*** Opening Input ***
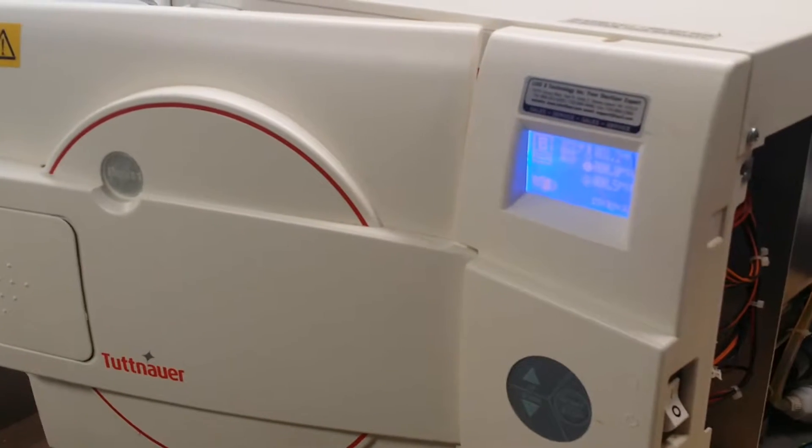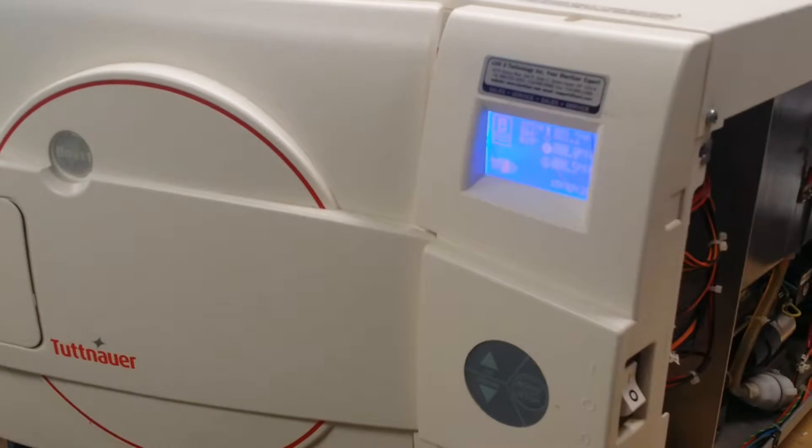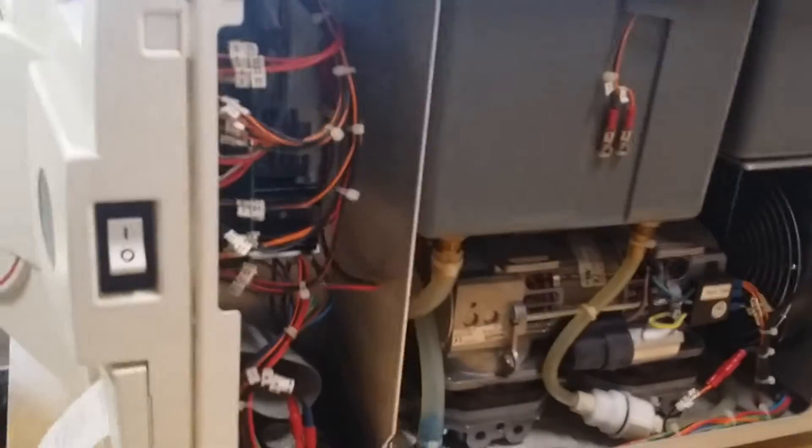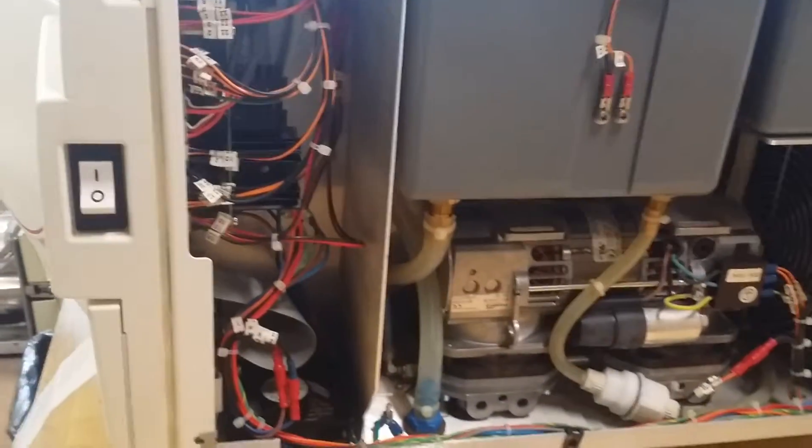The Tudna Ilala sterilizer is very advanced, very good sterilizer. It's a class B, which means it's a preheat, pre-vacuum sterilizer. So it will be very fast to finish the cycle.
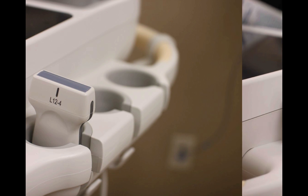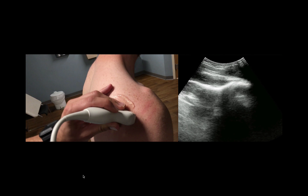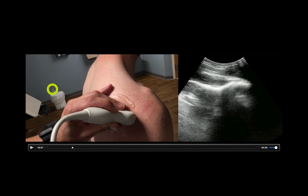Your probes of choice for this exam are going to be either the linear or the curvilinear transducer. Both can work. I tend to use a curvilinear a little bit more, but the linear works just fine. As far as where to place the probe on the patient, you want to place it in the posterior aspect in a transverse orientation. Generally, I have the probe marker towards the patient's left because I have the machine in front of the patient with the screen facing towards me, and I like left being left on the screen.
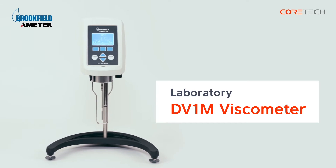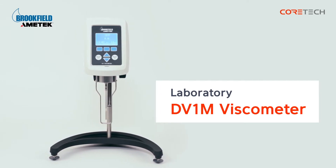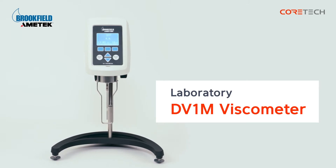The DV1M viscometer is an accurate, reliable viscometer. 18 speed choices are available for viscosity measurement. It also shows you the information that you need with LCD display output. In addition, you can measure the temperature by purchasing the optional RTD temperature probe separately.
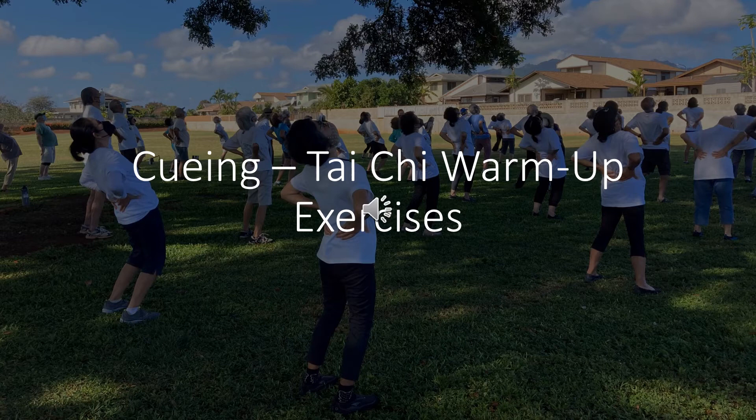Shift weight to left foot: inhale, exhale. Shift weight to right foot: inhale, exhale, exhale. Shift weight to left foot: inhale, exhale. Switch. Shift weight to right foot: inhale, exhale.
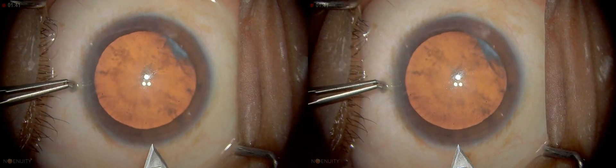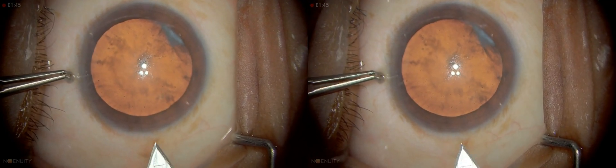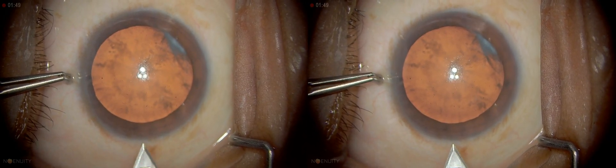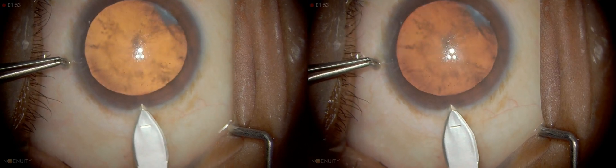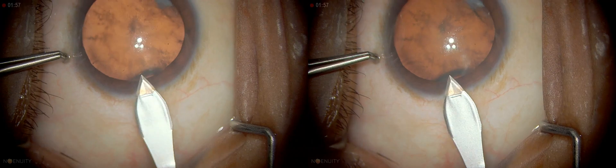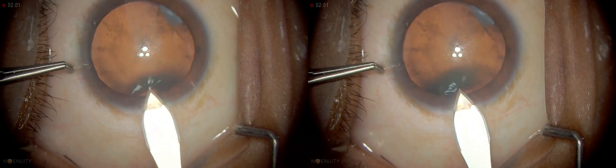When you do go in, keep the blade not tilted but almost horizontal and press down a little bit before initiation. Gently push the blade through until you come up to the mark. Once you reach that mark, depress it down a little bit and then smoothly enter.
*** Closing Input ***
→ **What to produce**
Return the records above in their entirety, word for word, with the pictures removed.

→ **Response box**
The Tudna Ilala sterilizer is very advanced, very good sterilizer. It's a class B, which means it's a preheat, pre-vacuum sterilizer. So it will be very fast to finish the cycle.
Your probes of choice for this exam are going to be either the linear or the curvilinear transducer. Both can work. I tend to use a curvilinear a little bit more, but the linear works just fine. As far as where to place the probe on the patient, you want to place it in the posterior aspect in a transverse orientation. Generally, I have the probe marker towards the patient's left because I have the machine in front of the patient with the screen facing towards me, and I like left being left on the screen.
The DV1M viscometer is an accurate, reliable viscometer. 18 speed choices are available for viscosity measurement. It also shows you the information that you need with LCD display output. In addition, you can measure the temperature by purchasing the optional RTD temperature probe separately.
Shift weight to left foot: inhale, exhale. Shift weight to right foot: inhale, exhale, exhale. Shift weight to left foot: inhale, exhale. Switch. Shift weight to right foot: inhale, exhale.
When you do go in, keep the blade not tilted but almost horizontal and press down a little bit before initiation. Gently push the blade through until you come up to the mark. Once you reach that mark, depress it down a little bit and then smoothly enter.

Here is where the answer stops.